Two Penn Center, a building in an office park uptown, gave former Harrisburg Mayor Steve Reed rent-free storage space for artifacts and other objects.

Two Penn Center, a building in an office park uptown, gave former Harrisburg Mayor Steve Reed rent-free storage space for artifacts and other objects.

An uptown office park owned by a pair of Harrisburg lawyers was home to a “veritable treasure house” of artifacts collected by former Harrisburg Mayor Stephen Reed, who stored them there in a kind of a personal museum, according to a grand jury presentment released by the state attorney general Tuesday morning.

A series of ground-floor rooms at the site, which Reed used rent-free for years, contained objects including a life-size sarcophagus, a full suit of armor and “what appeared to be a life-size buffalo head,” according to the presentment, which formed the basis of nearly 500 criminal counts filed against Reed Tuesday morning.
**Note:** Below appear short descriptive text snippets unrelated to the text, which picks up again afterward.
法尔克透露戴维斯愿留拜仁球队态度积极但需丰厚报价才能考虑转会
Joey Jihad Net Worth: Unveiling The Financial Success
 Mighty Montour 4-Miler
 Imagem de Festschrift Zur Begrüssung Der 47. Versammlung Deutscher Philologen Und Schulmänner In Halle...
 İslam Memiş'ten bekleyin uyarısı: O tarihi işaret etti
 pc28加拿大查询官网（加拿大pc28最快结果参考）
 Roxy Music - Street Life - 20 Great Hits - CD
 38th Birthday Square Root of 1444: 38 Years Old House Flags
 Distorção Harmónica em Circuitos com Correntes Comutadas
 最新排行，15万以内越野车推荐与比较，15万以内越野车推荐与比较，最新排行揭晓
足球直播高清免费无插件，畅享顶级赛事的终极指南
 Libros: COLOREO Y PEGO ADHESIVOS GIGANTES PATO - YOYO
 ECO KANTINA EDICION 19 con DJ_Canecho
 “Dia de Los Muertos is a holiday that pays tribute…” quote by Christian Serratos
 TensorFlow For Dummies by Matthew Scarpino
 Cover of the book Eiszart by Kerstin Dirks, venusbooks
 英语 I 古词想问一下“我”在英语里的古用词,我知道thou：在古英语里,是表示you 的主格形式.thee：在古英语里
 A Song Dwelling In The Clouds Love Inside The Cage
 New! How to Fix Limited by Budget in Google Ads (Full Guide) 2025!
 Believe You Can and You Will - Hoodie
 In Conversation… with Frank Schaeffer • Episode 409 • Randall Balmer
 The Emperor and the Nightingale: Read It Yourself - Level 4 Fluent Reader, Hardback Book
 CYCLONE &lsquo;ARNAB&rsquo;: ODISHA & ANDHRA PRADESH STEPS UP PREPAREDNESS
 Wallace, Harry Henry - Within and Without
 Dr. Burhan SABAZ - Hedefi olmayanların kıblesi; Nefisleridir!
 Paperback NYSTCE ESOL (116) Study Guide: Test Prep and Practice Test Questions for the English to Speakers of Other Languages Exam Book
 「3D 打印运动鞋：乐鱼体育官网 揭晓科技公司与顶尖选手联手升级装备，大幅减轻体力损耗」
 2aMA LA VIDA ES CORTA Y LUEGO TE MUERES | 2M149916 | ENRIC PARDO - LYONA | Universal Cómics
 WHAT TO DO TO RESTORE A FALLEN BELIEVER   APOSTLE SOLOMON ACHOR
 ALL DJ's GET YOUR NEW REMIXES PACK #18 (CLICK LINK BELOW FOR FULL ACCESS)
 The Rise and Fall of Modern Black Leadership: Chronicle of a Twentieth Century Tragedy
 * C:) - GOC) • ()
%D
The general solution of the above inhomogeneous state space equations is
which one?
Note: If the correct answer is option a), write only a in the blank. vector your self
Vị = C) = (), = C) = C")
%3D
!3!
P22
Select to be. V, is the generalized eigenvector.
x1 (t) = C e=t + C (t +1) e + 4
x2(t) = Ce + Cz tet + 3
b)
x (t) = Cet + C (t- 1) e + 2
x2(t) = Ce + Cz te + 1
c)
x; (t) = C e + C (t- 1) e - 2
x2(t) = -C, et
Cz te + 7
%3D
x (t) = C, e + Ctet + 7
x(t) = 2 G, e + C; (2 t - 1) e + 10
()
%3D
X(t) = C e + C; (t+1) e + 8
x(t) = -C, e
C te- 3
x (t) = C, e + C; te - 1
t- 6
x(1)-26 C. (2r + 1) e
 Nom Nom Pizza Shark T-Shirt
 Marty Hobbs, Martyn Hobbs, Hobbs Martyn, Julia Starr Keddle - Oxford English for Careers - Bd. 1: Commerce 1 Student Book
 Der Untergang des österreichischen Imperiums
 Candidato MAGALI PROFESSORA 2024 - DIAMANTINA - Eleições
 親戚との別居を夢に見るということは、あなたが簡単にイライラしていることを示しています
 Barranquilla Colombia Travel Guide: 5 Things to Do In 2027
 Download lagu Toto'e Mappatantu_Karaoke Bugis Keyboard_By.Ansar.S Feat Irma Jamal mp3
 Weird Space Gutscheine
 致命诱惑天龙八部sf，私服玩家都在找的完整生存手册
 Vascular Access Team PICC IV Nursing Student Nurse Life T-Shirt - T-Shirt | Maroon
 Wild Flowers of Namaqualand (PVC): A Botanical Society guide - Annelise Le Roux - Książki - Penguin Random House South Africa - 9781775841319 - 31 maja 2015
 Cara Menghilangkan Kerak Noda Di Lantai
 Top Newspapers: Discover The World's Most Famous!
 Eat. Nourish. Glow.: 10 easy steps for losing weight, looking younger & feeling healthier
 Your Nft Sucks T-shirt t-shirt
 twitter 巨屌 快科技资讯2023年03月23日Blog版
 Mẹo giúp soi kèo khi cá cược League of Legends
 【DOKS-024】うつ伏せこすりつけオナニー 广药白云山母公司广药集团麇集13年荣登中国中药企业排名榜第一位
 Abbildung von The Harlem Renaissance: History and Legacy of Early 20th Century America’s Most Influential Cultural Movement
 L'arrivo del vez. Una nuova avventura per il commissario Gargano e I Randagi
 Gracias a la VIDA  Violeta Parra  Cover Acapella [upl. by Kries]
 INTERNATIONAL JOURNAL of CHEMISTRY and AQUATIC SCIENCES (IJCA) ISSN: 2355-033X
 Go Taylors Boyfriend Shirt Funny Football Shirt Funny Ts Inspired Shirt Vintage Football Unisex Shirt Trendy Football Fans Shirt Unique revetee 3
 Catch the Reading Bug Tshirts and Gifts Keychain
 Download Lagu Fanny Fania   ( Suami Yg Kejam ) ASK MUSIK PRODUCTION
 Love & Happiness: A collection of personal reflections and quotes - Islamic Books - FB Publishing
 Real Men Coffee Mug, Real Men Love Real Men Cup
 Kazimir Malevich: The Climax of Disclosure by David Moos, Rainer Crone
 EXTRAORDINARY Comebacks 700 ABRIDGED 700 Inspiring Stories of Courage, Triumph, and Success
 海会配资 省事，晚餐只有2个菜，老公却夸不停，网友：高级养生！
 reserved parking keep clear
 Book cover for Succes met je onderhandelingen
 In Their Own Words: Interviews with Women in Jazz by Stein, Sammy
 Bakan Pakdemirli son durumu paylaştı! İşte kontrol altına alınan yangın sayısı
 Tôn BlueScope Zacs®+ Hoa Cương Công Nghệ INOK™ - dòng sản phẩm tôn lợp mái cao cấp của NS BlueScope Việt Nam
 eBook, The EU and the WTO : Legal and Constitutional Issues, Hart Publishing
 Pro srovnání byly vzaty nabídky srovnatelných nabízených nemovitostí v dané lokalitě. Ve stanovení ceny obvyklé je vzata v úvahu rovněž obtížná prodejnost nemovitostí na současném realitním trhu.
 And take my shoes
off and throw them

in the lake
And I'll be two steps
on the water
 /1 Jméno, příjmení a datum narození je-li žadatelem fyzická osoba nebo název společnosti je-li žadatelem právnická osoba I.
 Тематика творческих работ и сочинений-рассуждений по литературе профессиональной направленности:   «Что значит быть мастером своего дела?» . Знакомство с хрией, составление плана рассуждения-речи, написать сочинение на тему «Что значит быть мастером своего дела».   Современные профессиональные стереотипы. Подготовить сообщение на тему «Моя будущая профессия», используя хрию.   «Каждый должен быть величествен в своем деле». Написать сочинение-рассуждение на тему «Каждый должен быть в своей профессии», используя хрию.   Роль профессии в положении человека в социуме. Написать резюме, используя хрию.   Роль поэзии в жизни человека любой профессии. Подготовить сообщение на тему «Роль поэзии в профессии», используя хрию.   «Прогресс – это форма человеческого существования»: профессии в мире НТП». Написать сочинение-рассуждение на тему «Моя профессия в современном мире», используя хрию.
One of the rooms also housed a re-creation of Reed’s city hall office, adorned with civic awards and commendations and various Western items, the presentment said.

Prosecutors have alleged that many of the objects were paid for with city money and that Reed’s personal storage of them amounts to a theft from taxpayers.

The lawyers, Michael J. Daley and Burton D. Morris, would not comment when reached separately by phone on Tuesday.

Morris said he was “not in a position to confirm” either ownership of the building or Reed’s alleged storage of city-bought artifacts there. Daley, who identified himself as a stockholder in the company that owns the property, said he had no comment.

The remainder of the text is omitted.